-State aliasing is defined in POMDPs as the phenomenon where several states of the system are aliased to the same observation. It is also referred to as the hidden state problem.
-State aliasing appears in the QL MDP model since several state configurations can map to the same QL. The MDP cannot distinguish between individual underlying states that map to the same QL.
-This creates a problem when it comes time to generate the transition and reward function for the MDP since transitions out of what would normally be distinct states in the Exact model are not blended together.
-One phenomenon that I have observed that confirms this suspicion is the following. I set the costs for all movement actions to be infinite, except when all arcs have been planned. Then I set the cost of movement to be the cost of moving according to the current plan. I also set the cost of planning to be zero. This encourages the MDP to plan all arcs and then to move. Under these circumstances, it makes no difference the order in which that arcs are planned.

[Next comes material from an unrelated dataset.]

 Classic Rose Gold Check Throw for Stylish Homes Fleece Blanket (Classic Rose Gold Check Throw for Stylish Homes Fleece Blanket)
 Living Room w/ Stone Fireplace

-As expected, the policy does perform complete planning before moving. What is peculiar is that
the order in which the arcs are planned depends on the graph. Different graph instances result in different arc planning orders. The code is implemented such that it tries computing arcs in order from 1 to 12.

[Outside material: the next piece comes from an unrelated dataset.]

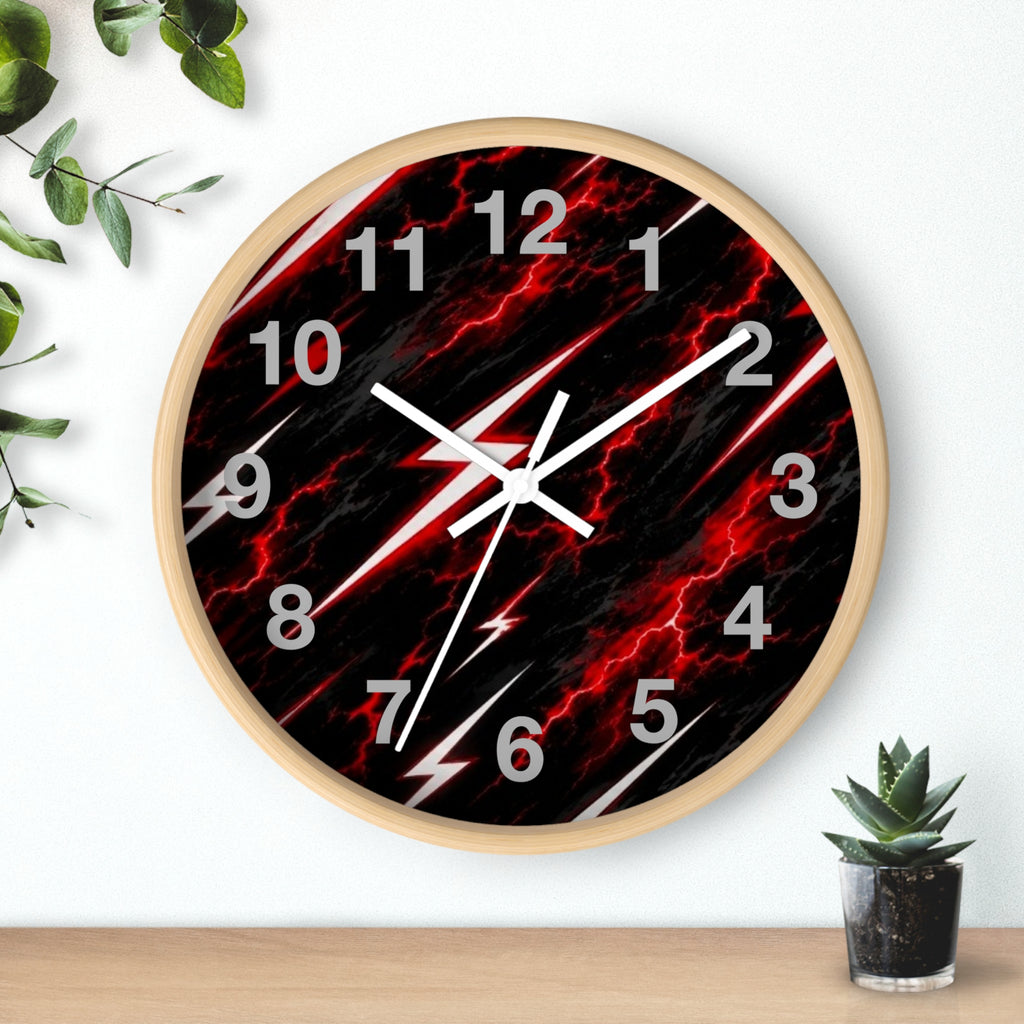Red Lightning Wall Clock — Neon Storm Decorative Clock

It will only swap the order when the value of planning a subsequent arc is strictly greater than the incumbent best arc. So it is expected that since it should make no difference which arc is planned first, the arcs should be planned in order. This behaviour is seen in the Exact MDP model, but
not here in the QL model.
-I believe now that the code is implemented correctly. The only reasons I can think of to explain this behavior is that the uniform sampling of the underlying graph worlds is biased in the QL MDP state space toward certain states. So a QL state, which contains multiple underlying states might have some good states blended in with some bad states, reducing the value of the QL state.
Addition of Rewards-When the rewards are reset to their average values, additional strange behavior occurs. Rather than planning arc 1-12 and then moving, the MDP sometimes decides to plan some, move, plan and move. In most instances this behavior still results in an optimal meta plan. Out of 1000 trial there are about 6-24 instances where this behavior results in reduced plan value.
-Again this is probably due the state aliasing.
-The next thing that I will do is to generate results for the QL MDP for various epsilons.